**Your objective:** Every line in the listing below from the one with "Royal Blue Trucker Cap - Image 3" through the one with "Enrique Riquelme, candidato" is to be reproduced exactly, both ends included; leave out the rest.

**Information shown:**

───

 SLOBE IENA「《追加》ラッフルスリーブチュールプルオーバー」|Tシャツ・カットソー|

───

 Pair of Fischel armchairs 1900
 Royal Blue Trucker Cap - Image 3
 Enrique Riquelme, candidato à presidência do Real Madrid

───

**Output of the exercise:**
 Royal Blue Trucker Cap - Image 3
 Enrique Riquelme, candidato à presidência do Real Madrid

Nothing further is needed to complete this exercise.